December 23rd, the day before the day before Christmas. What a friend of mine used to call Christmas Eve Eve. Not anymore. Now it’s our day of unbridled hatchet burying. Every year, any hatchet going. 

I don’t think the early years were so bad. It wasn’t as sentimental back then. It struck just the right tone: serious, but not too serious. The Government released those detonation plans for Building 7 and the public uproar seems almost quaint now. If you cast your mind back, it didn’t even spoil Christmas. We had a few days of media panic and then the best boxing day sales ever as we hosed ourselves down with alcohol and spree-shopping. We raged hard, but our anger evaporated like a winter fad. That was the unofficial beginning. 

It was the year with Monsitor that cemented it. They had their books hacked open.

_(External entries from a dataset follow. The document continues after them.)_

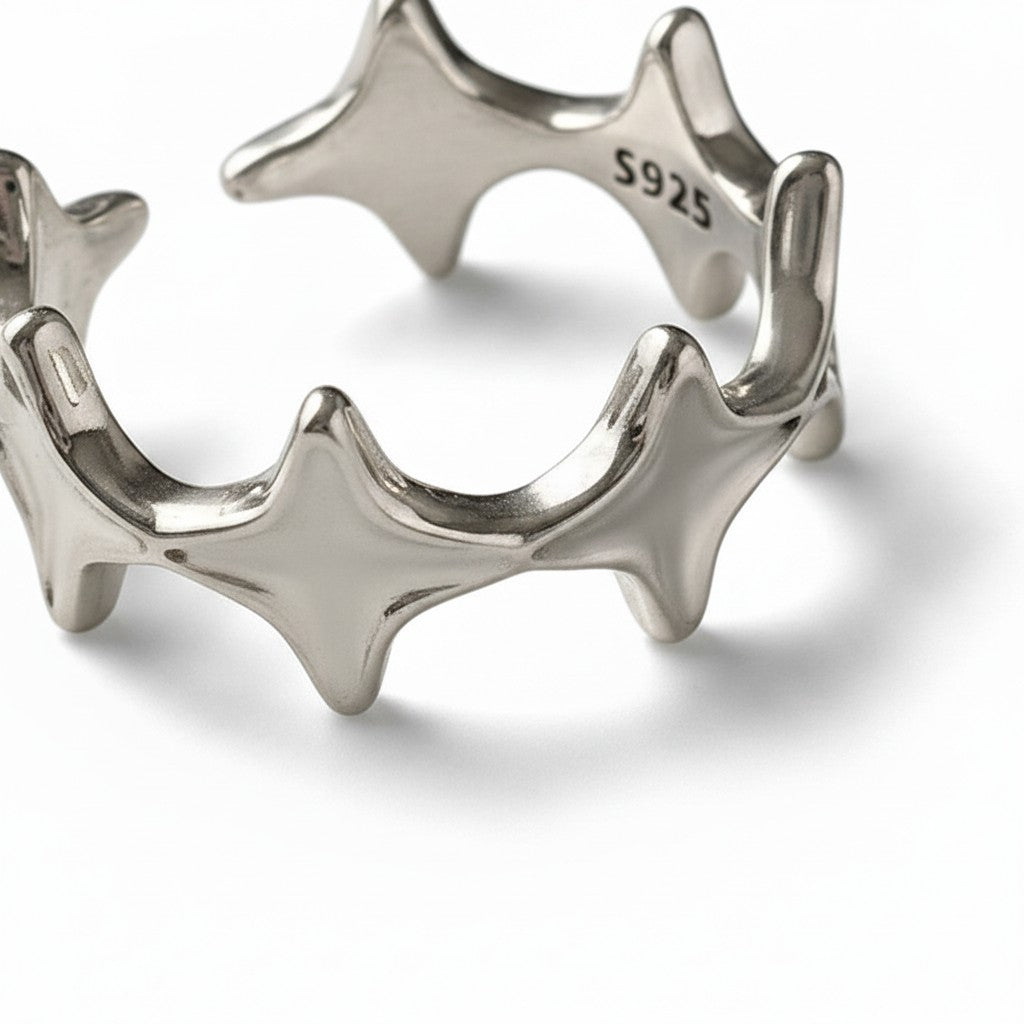 Maniac silver stainless steel open-end ring with irregular four eight-pointed stars design.
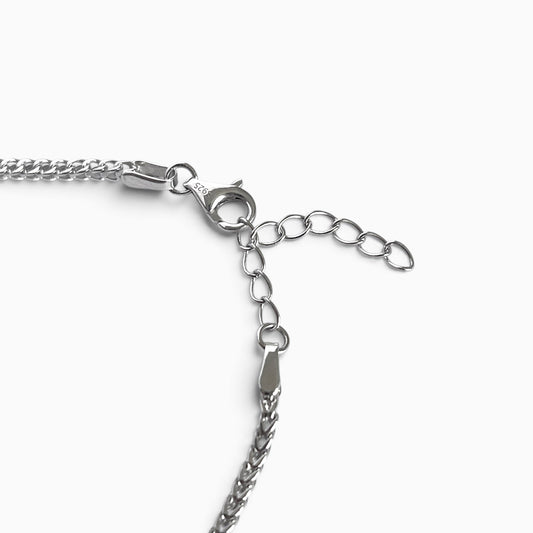 Bracelet chaîne en argent rhodié maille franco posé à plat, avec son fermoir mousqueton
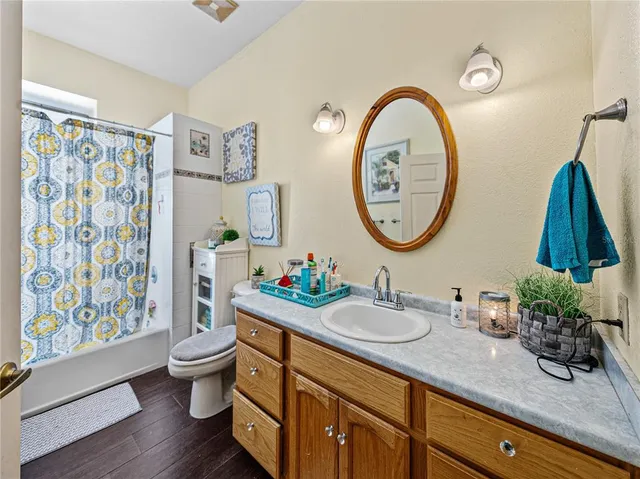 a bedroom with furniture and a flat screen tv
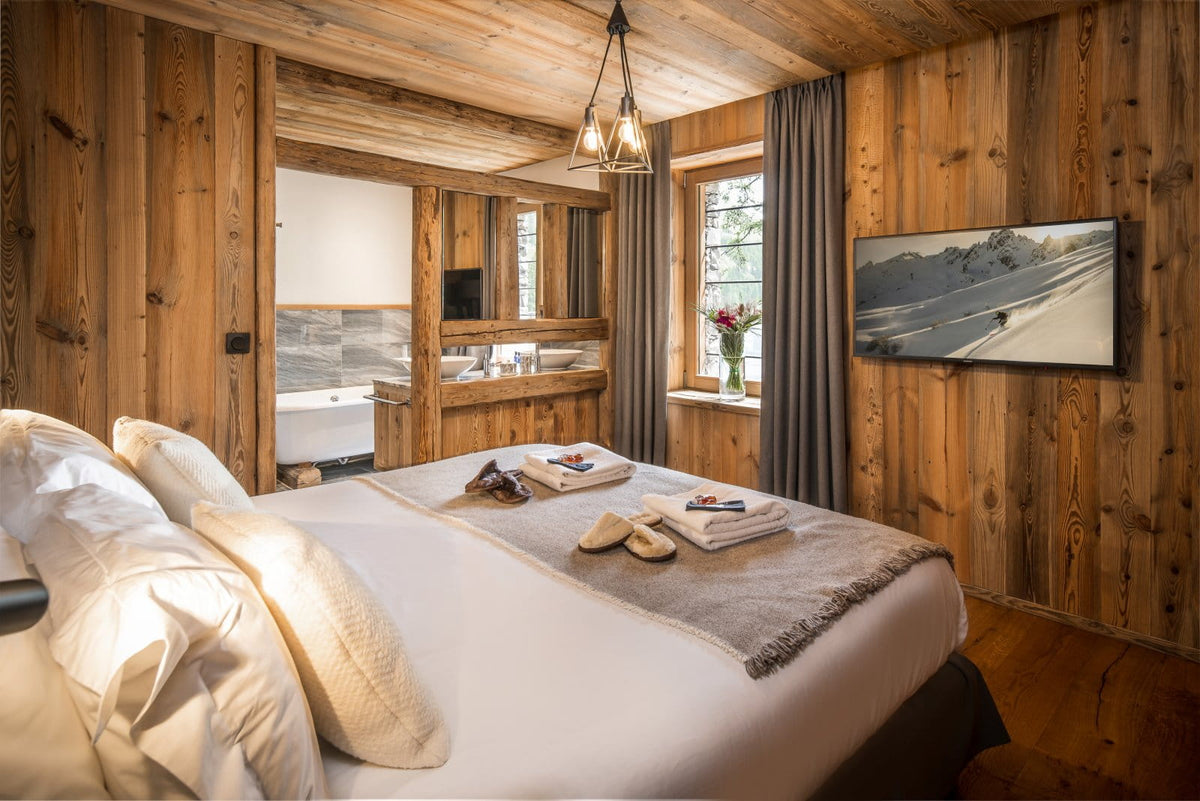 A cozy bedroom with rustic wood-paneled walls and ceiling, featuring a neatly made bed with white linens and a gray throw blanket. A wall-mounted landscape print, a window with curtains, and a mirror are visible in the room.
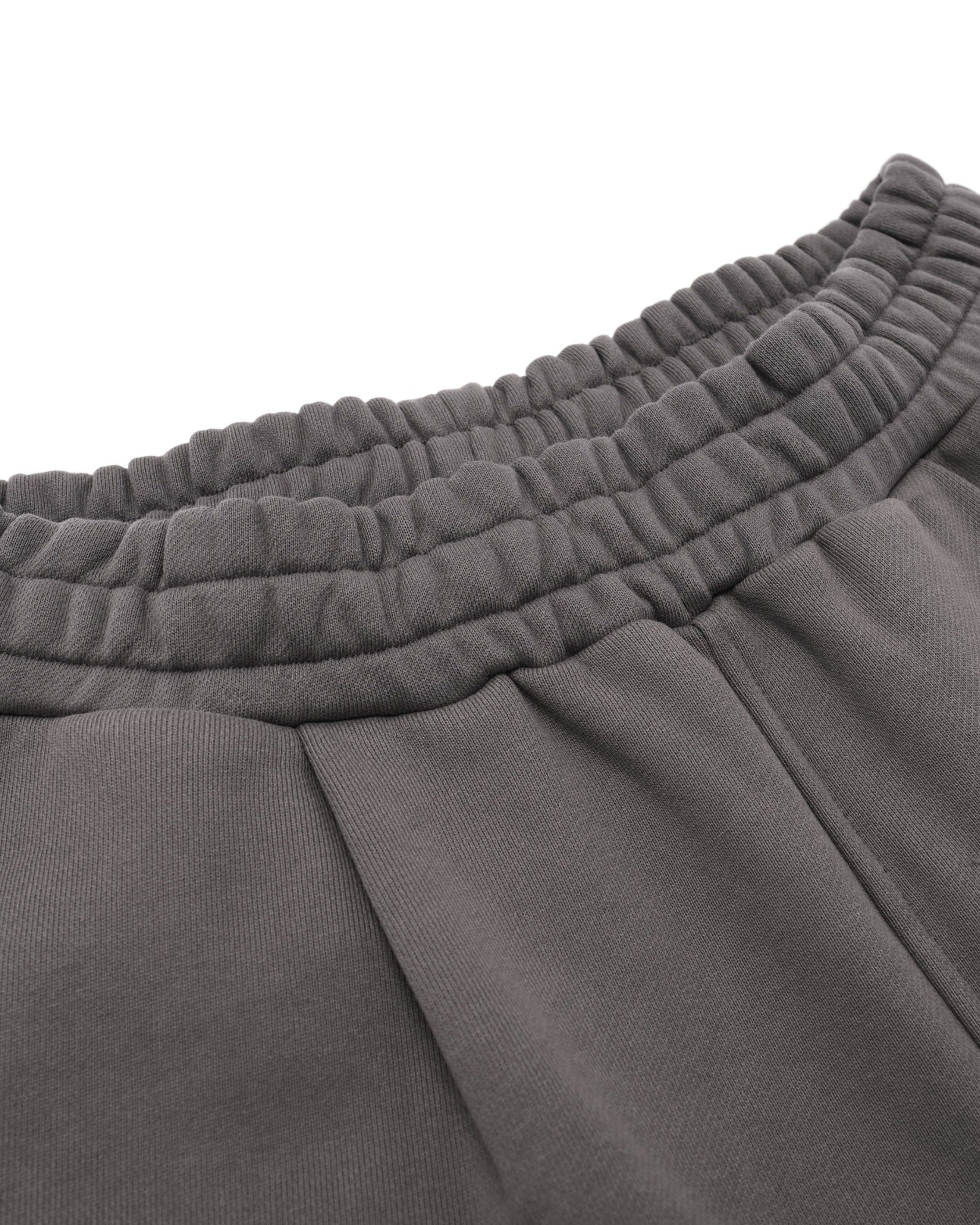 Close-up of gray sweatpants with a focus on the waistband.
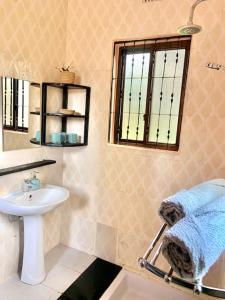 a bathroom with a sink and a mirror at Bungalow x Garten & Terrasse x WLAN x europäisch in Moshi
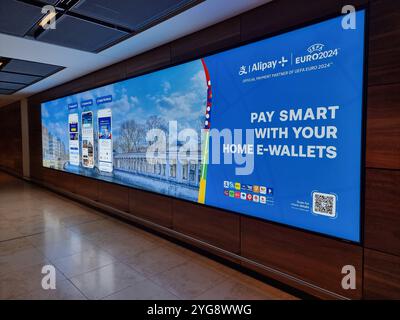 Werbebanner / Display am Flughafen Berlin Brandenburg für Alipay Home E-Wallets während der Euro2024 Stockfoto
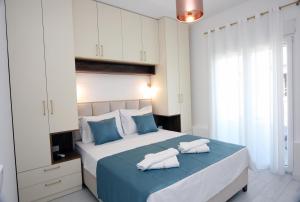 a bedroom with a large bed with towels on it at Venima luxury Seaview Pine Apartment in Tivat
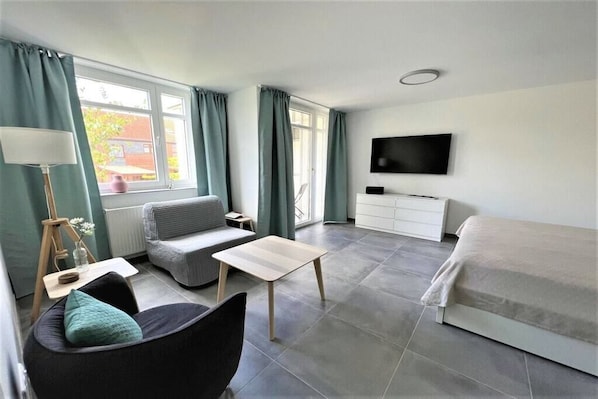 A modern room with a bed, a sofa, a small table, a TV, and a window with curtains. - Holiday apartment with 1 bedroom (Neubrandeburg)
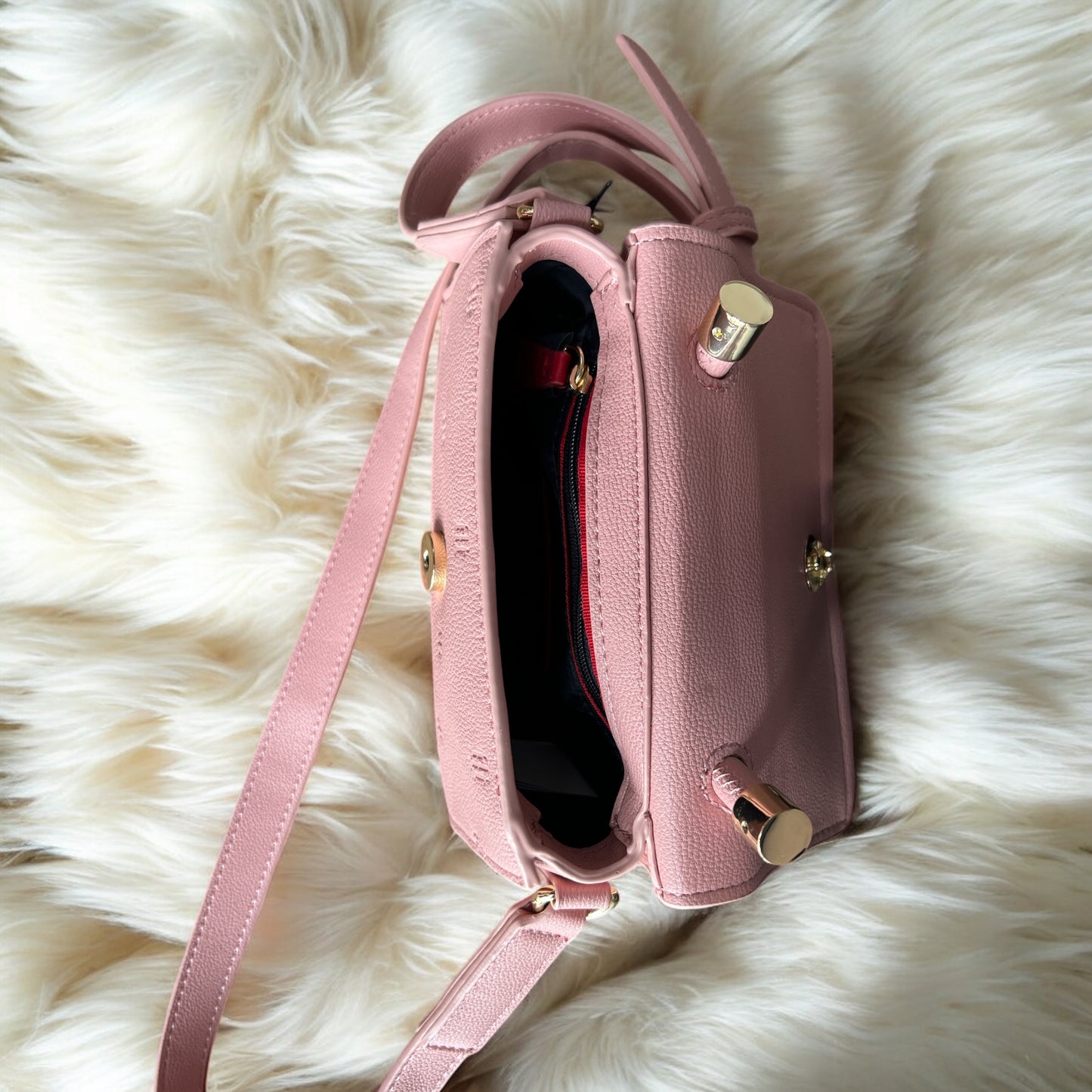 Crossbody Tommy H pequeña rosa claro y placa dorada TH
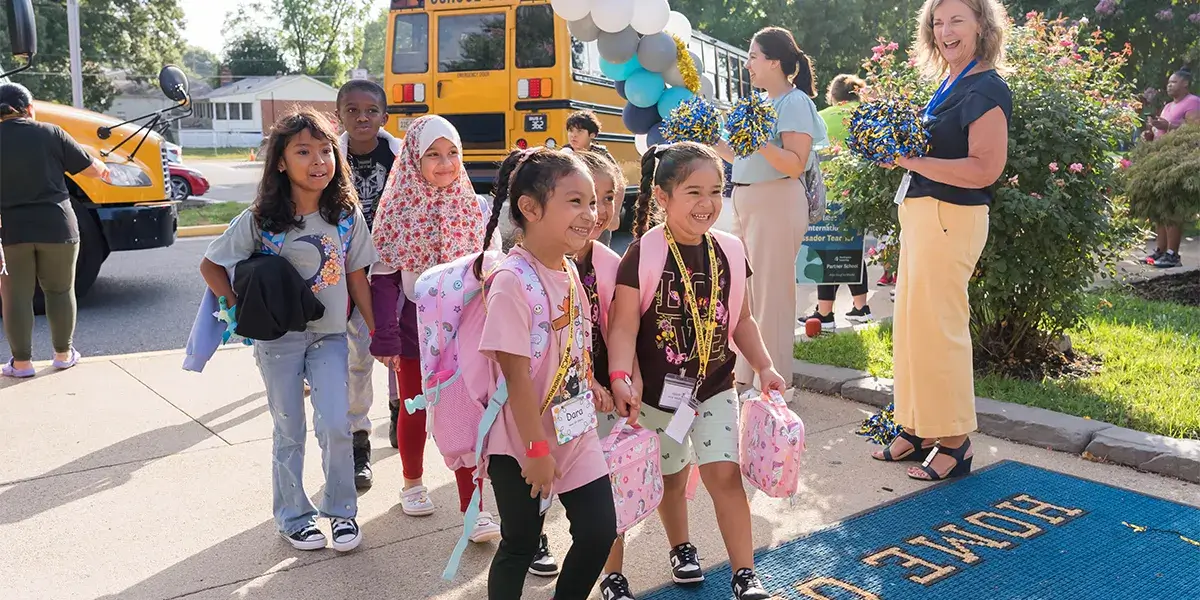 Marumsco Hills Elementary School students holding hands while entering the building on the first day of school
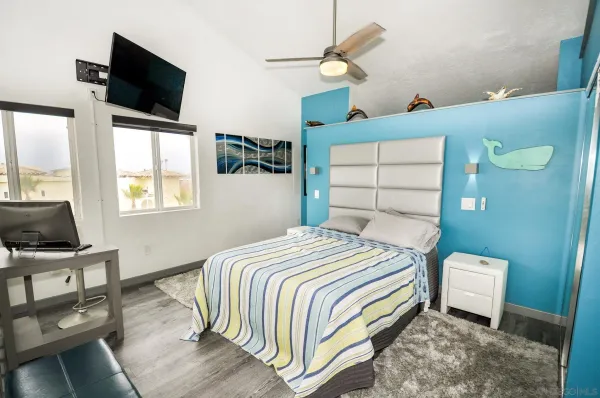 a bedroom with a bed and flat screen tv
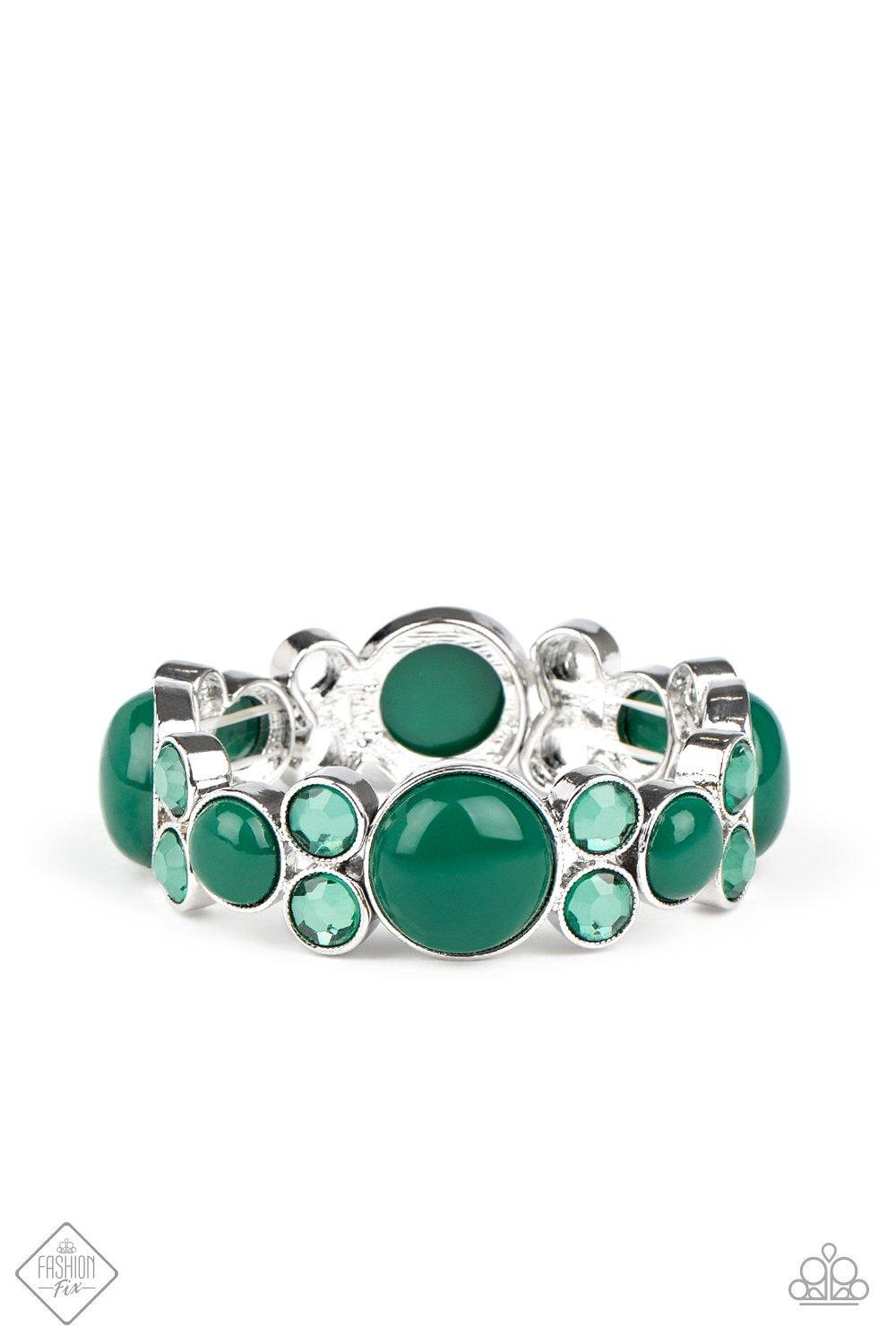 Paparazzi Accessories Celestial Escape - Green Infused with pairs of Ultramarine Green rhinestones, mismatched Ultramarine Green beaded silver frames are delicately threaded along stretchy bands around the wrist for a whimsical pop of color. Sold as one i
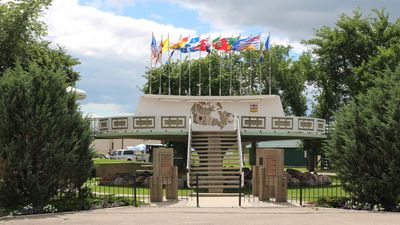 The UFO landing spot in St Paul, Alberta; a raised, circular platform decorated with flags and a map of Canada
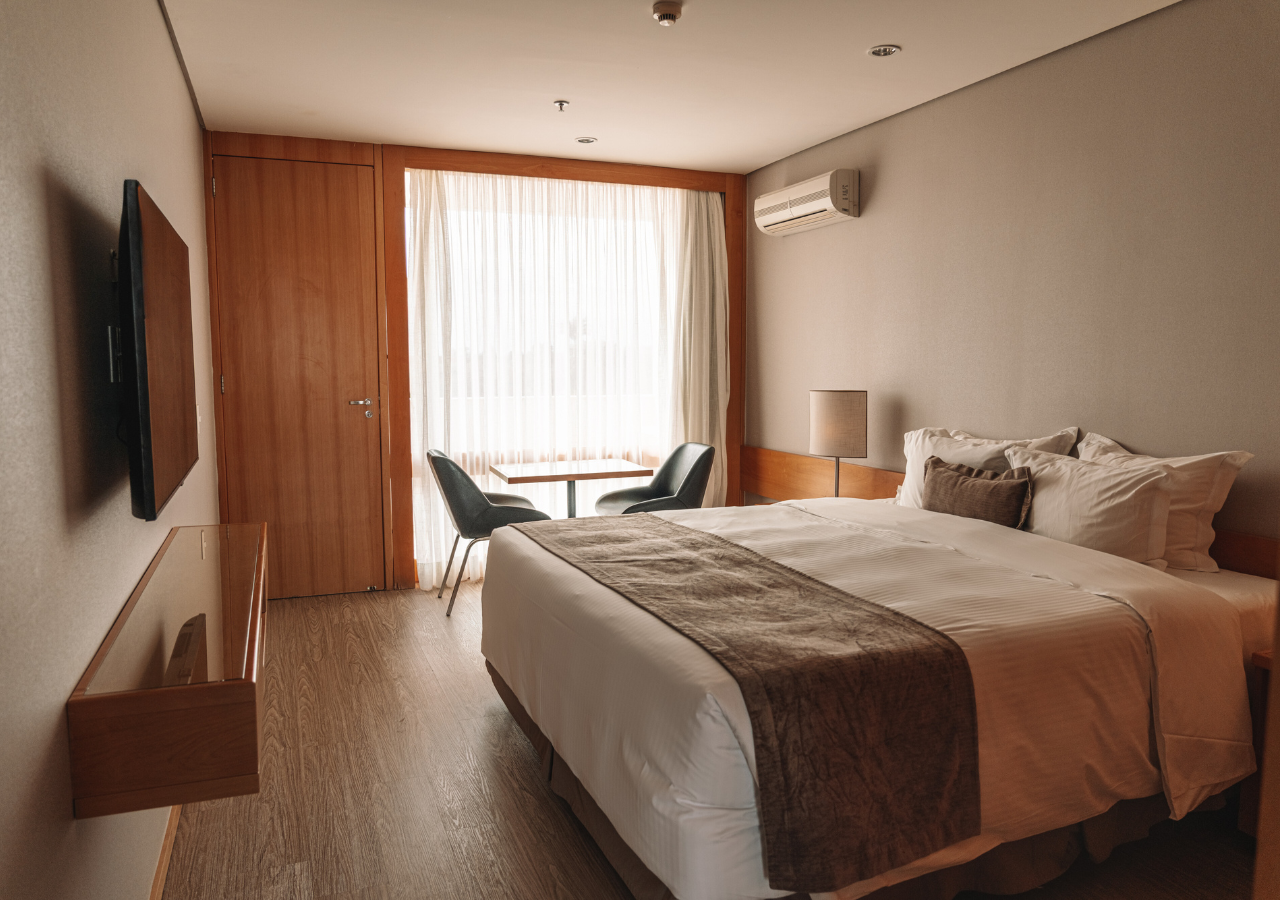 Quarto de hotel com uma cama, janela com cortinas, duas cadeiras e uma TV.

The company killed a bunch of retirees out in the Midwest, throat cancer, the lot of them, all from faulty disposable cups. So that made the news and then a month later Kurt Cobain was right there on CNN, walking around, waving at us, alive and in the flesh. The authorities wanted to indict him, but we weren’t having it. We all shook our fists and forgave Kurt. We petitioned and protested. The charges were dropped, and it fanned out like a brush fire from there. The very next week, Monsitor asked for forgiveness and they got it, too. Then hours later it was EXXONN, the 2008 Wall Street guys, the Wagner family, Roman Polanski, all the big dominos started falling. The higher-ups recognised an opportunity when they saw one. National Forgiveness Day was born, December 23rd, public holiday. 

The rest of it bores me. No one cares after the Moon Landing Address anyhow. There was no up and down, no north and south, after that. Ever since, it’s just another holiday. Some years it’s surprising and some years it’s funny, but most of the time it’s mundane and corporate.

And I wouldn’t mention it, wouldn’t bring it up at all, except I know something is coming now and it’s big. This is something I’ve done. Something requiring every ounce of forgiveness you have left, if you have any left at all after years of this messed up holiday.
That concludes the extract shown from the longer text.